TASK INPUT:
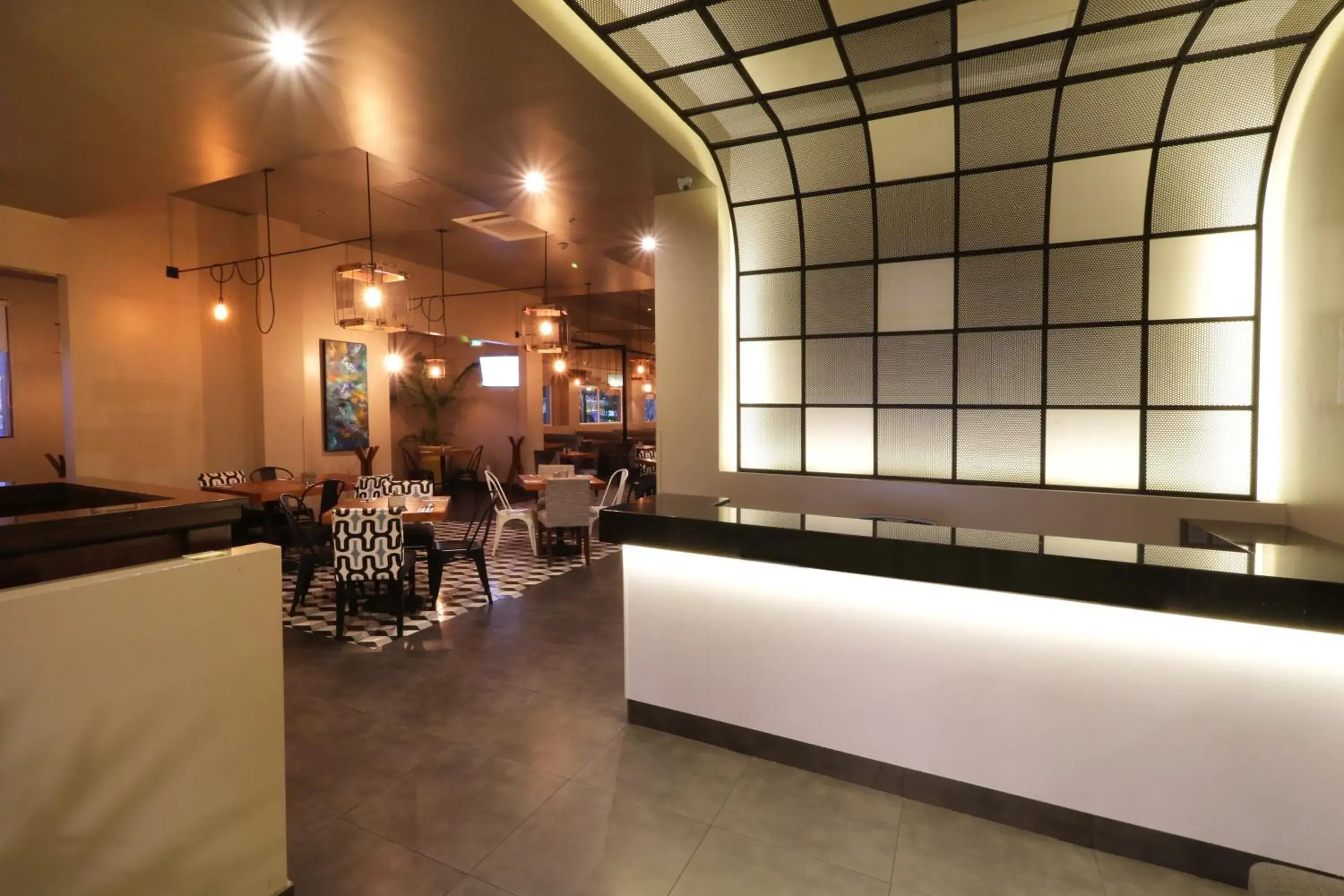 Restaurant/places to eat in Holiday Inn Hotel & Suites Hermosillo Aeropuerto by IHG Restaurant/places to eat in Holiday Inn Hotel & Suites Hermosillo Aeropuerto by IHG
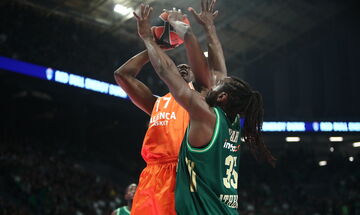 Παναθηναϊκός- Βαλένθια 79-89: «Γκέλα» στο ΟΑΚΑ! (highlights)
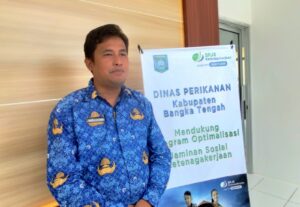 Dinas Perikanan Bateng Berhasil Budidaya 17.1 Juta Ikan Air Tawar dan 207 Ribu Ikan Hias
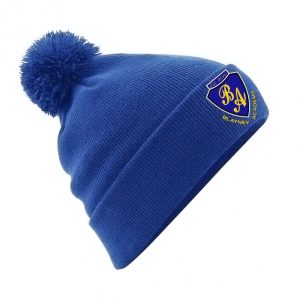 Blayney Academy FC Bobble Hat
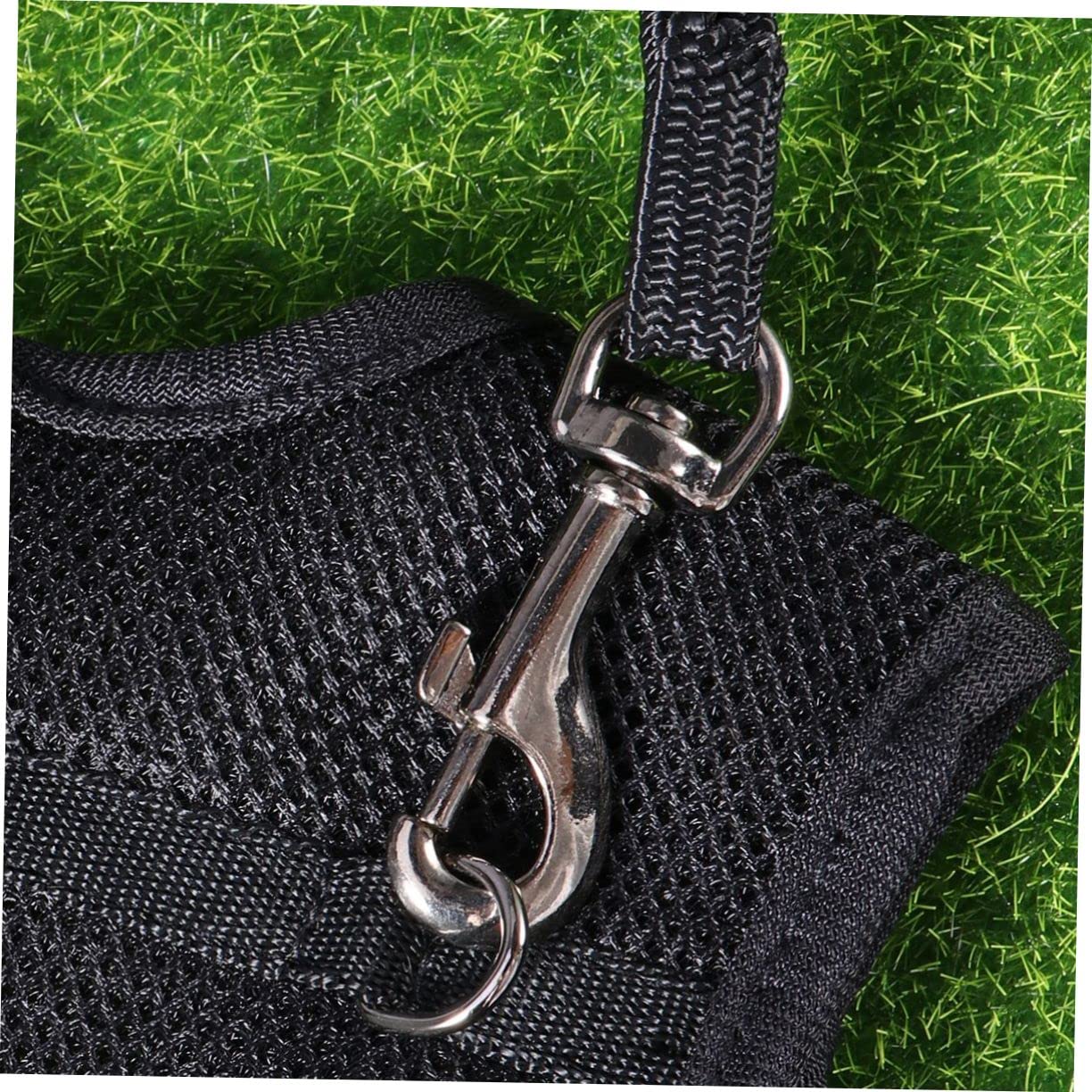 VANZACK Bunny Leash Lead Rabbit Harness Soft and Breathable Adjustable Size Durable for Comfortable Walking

THE PROBLEM: In the records above, find the line containing "στο ΟΑΚΑ! (highlights)". Reproduce it and every line after it through the last line, omitting pictures.

REPLY TO THE EXERCISE:
 Παναθηναϊκός- Βαλένθια 79-89: «Γκέλα» στο ΟΑΚΑ! (highlights)
 Dinas Perikanan Bateng Berhasil Budidaya 17.1 Juta Ikan Air Tawar dan 207 Ribu Ikan Hias
 Blayney Academy FC Bobble Hat
 VANZACK Bunny Leash Lead Rabbit Harness Soft and Breathable Adjustable Size Durable for Comfortable Walking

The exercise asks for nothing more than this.